> _WHAT THIS TASK INVOLVES_: Output only the lines from the line holding "Taşlı Damla Desen Gold Yüzük" through the close of the records, exactly as they appear, with all pictures omitted.

☆ ☆ ☆

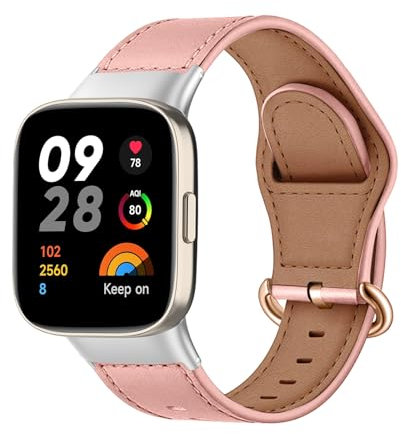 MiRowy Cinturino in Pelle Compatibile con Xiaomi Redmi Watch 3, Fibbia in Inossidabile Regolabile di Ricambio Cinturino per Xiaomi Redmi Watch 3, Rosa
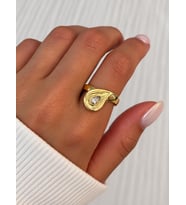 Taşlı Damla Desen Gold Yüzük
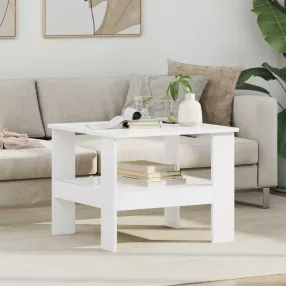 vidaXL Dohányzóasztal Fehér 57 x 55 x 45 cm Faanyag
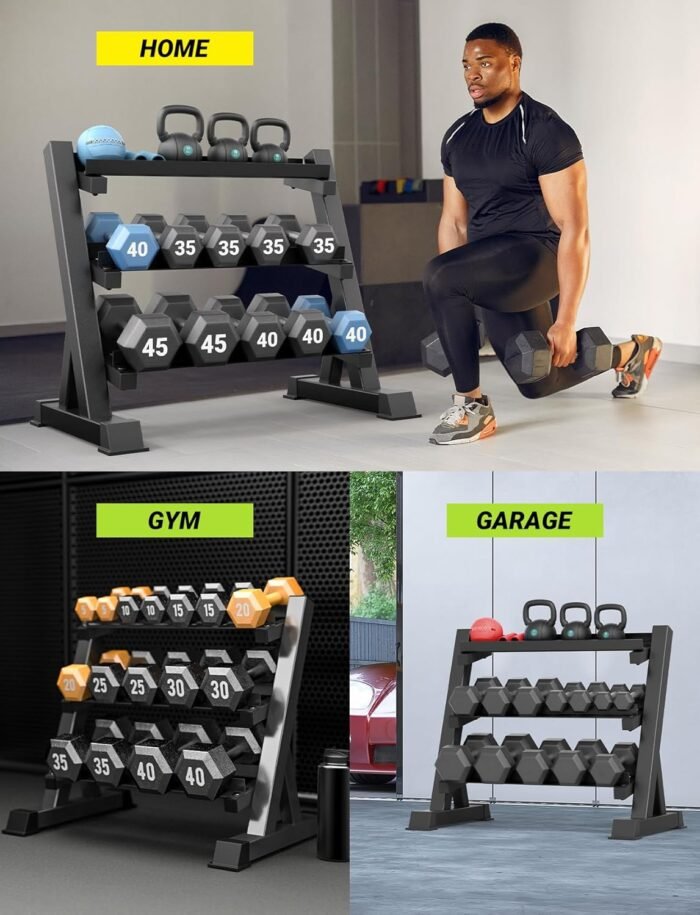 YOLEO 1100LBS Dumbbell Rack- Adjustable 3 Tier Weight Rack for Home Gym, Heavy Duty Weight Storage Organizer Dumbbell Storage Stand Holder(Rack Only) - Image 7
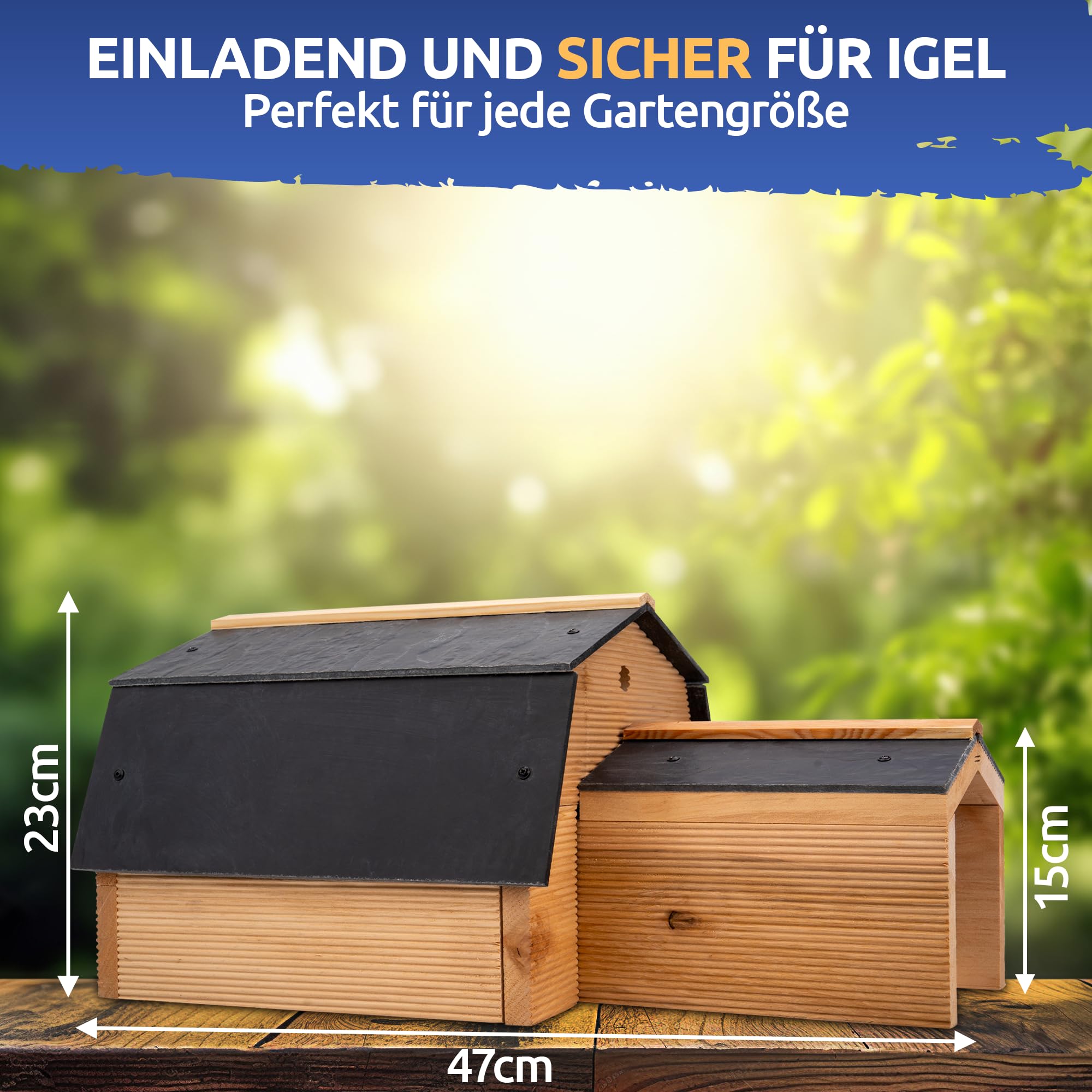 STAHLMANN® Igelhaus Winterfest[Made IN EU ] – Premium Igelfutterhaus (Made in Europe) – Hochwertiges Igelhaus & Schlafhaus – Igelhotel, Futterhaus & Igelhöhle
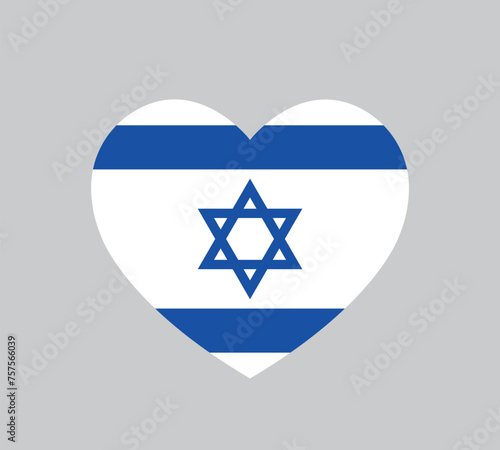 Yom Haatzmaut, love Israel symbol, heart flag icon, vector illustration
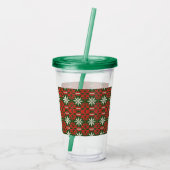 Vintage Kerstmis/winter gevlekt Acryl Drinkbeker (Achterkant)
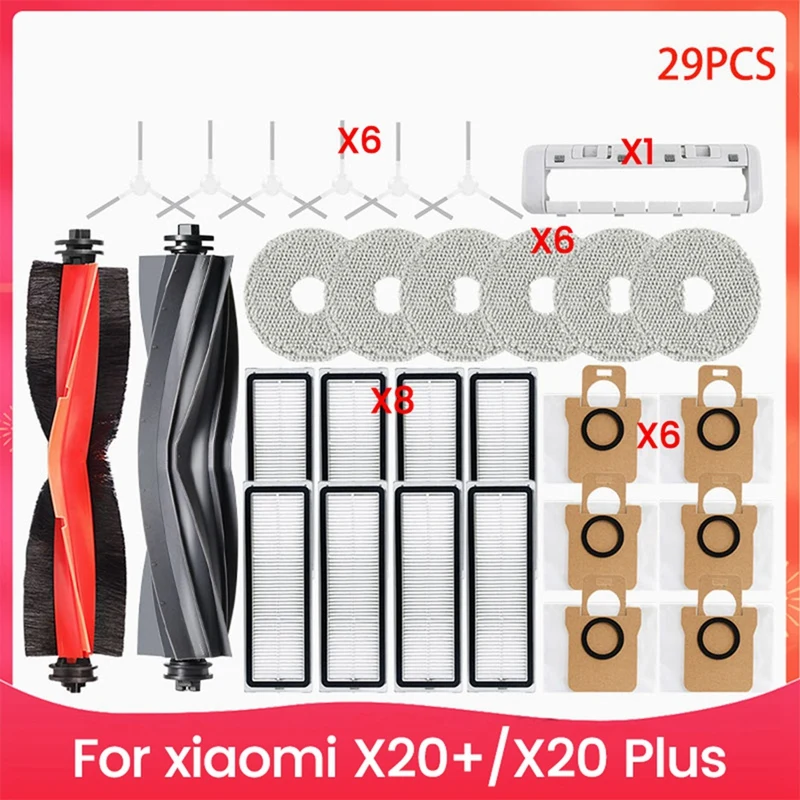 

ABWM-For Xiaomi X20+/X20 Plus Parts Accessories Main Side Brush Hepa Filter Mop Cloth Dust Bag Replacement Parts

☆ ☆ ☆

> _EXPECTED ANSWER_:
 Taşlı Damla Desen Gold Yüzük
 vidaXL Dohányzóasztal Fehér 57 x 55 x 45 cm Faanyag
 YOLEO 1100LBS Dumbbell Rack- Adjustable 3 Tier Weight Rack for Home Gym, Heavy Duty Weight Storage Organizer Dumbbell Storage Stand Holder(Rack Only) - Image 7
 STAHLMANN® Igelhaus Winterfest[Made IN EU ] – Premium Igelfutterhaus (Made in Europe) – Hochwertiges Igelhaus & Schlafhaus – Igelhotel, Futterhaus & Igelhöhle
 Yom Haatzmaut, love Israel symbol, heart flag icon, vector illustration
 Vintage Kerstmis/winter gevlekt Acryl Drinkbeker (Achterkant)

ABWM-For Xiaomi X20+/X20 Plus Parts Accessories Main Side Brush Hepa Filter Mop Cloth Dust Bag Replacement Parts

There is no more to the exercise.